→ REQUIRED WORK:
All lines from the one containing "Hublot Big Bang" through the end of the material below are to be printed exactly, both ends included, minus pictures.

→ EXERCISE DATA:
────

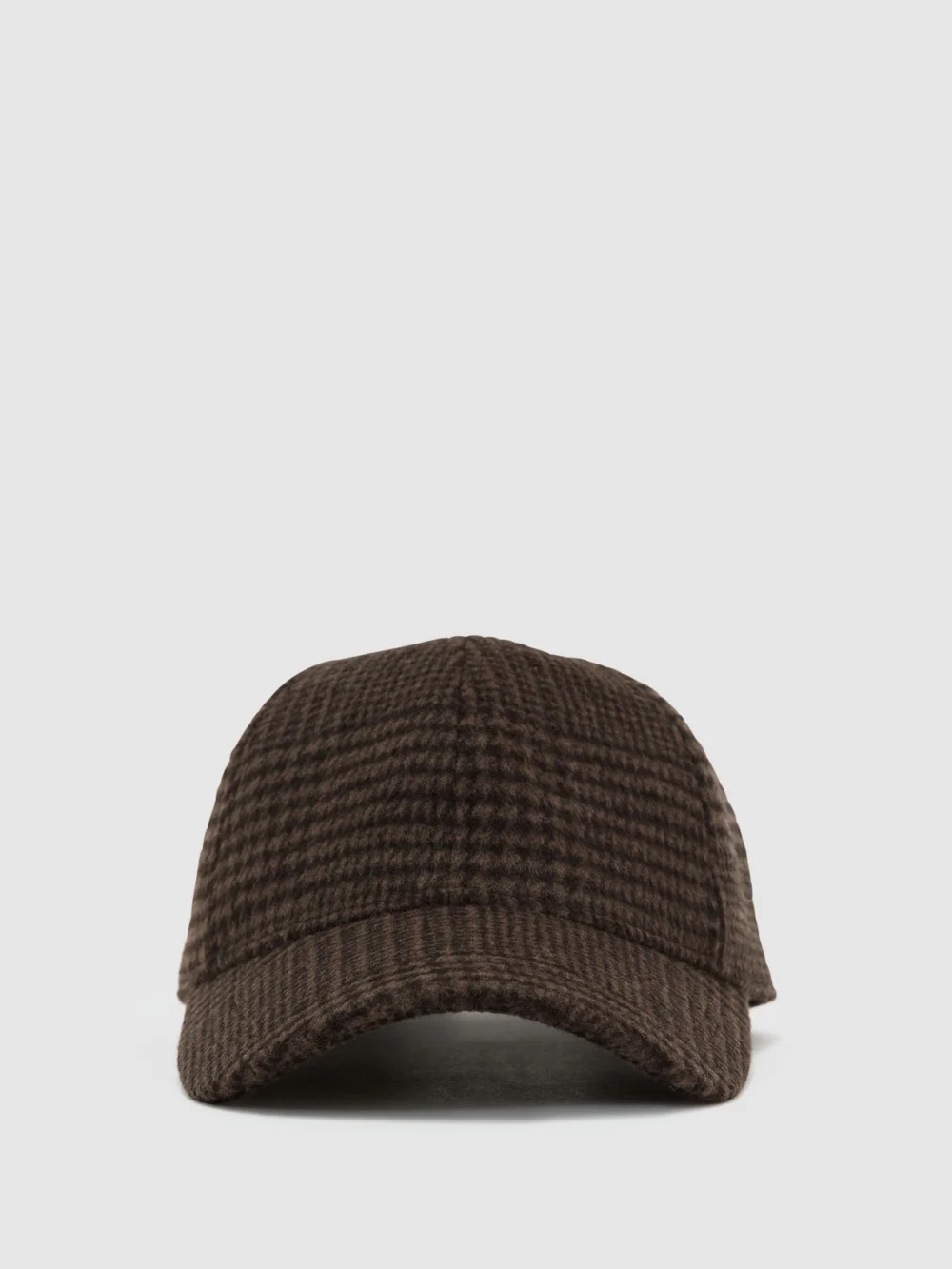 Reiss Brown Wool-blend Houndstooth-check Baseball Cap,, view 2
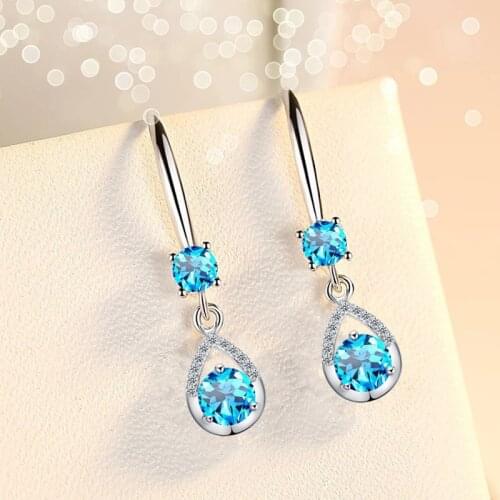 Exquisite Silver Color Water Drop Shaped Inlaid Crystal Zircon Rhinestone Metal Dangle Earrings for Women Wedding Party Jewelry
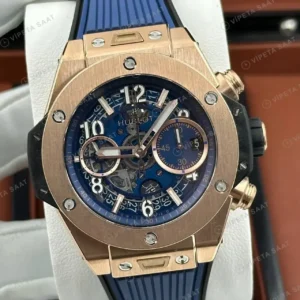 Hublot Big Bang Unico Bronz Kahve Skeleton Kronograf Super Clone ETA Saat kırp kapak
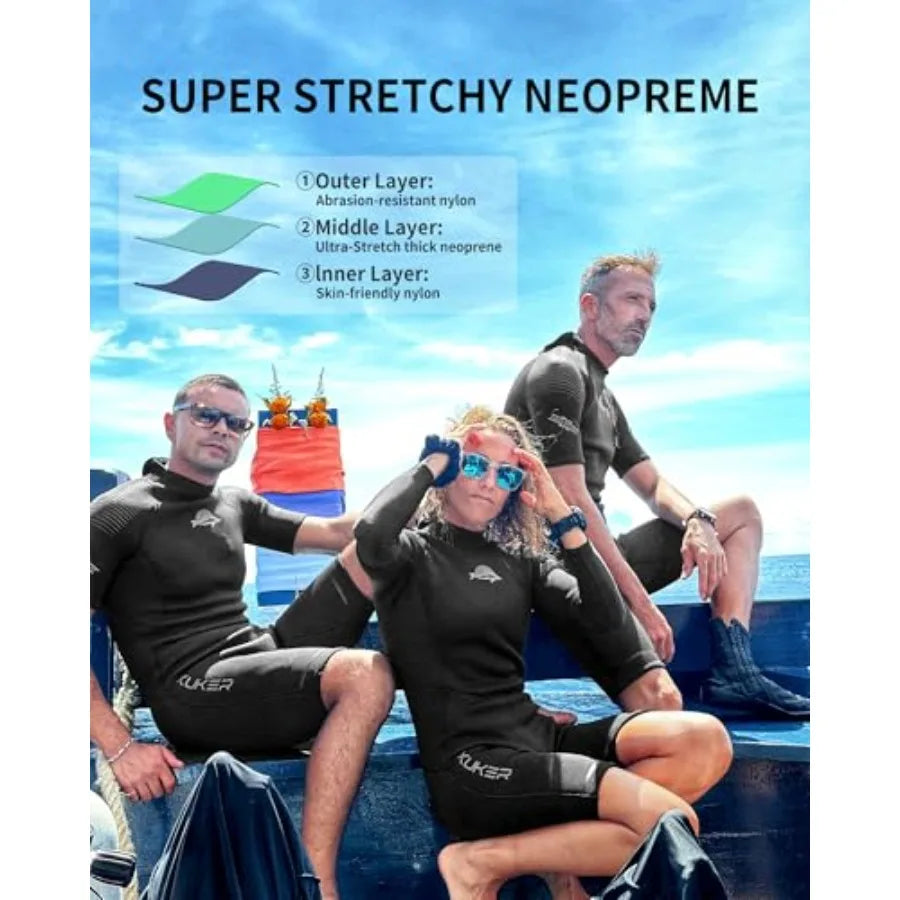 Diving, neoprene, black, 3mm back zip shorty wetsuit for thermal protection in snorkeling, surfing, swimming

────

→ ANSWER BELOW:
 Hublot Big Bang Unico Bronz Kahve Skeleton Kronograf Super Clone ETA Saat kırp kapak
 Diving, neoprene, black, 3mm back zip shorty wetsuit for thermal protection in snorkeling, surfing, swimming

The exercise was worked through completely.